• _Information supplied_

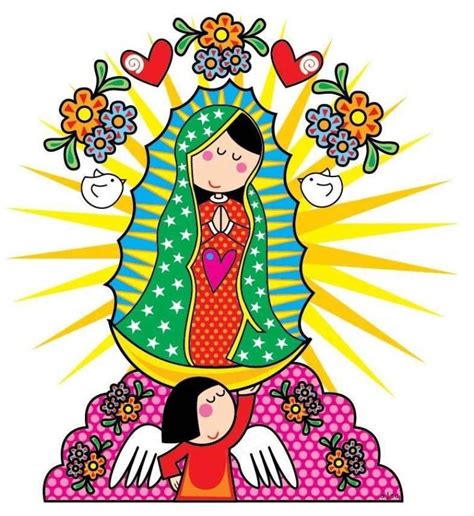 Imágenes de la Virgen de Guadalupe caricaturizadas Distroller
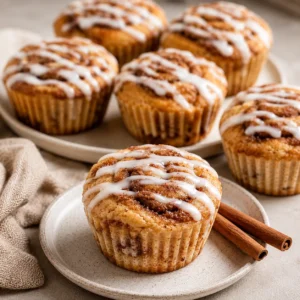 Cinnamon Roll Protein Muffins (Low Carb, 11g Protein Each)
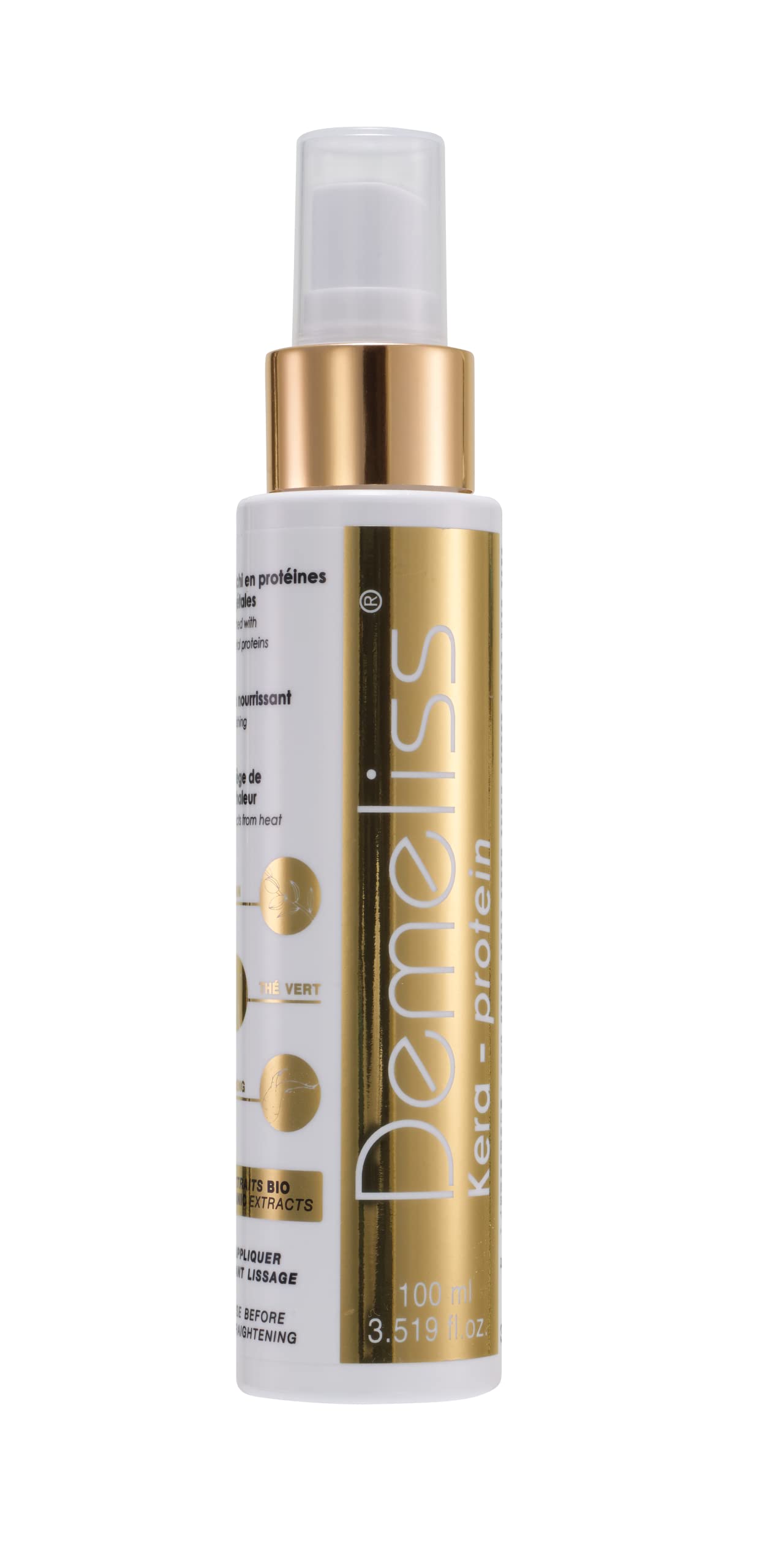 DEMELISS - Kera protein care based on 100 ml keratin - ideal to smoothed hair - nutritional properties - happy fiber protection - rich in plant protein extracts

• _Problem description_
Transcribe all of the material exactly, leaving out whatever pictures it contains.

• _Response below_
 Imágenes de la Virgen de Guadalupe caricaturizadas Distroller
 Cinnamon Roll Protein Muffins (Low Carb, 11g Protein Each)
 DEMELISS - Kera protein care based on 100 ml keratin - ideal to smoothed hair - nutritional properties - happy fiber protection - rich in plant protein extracts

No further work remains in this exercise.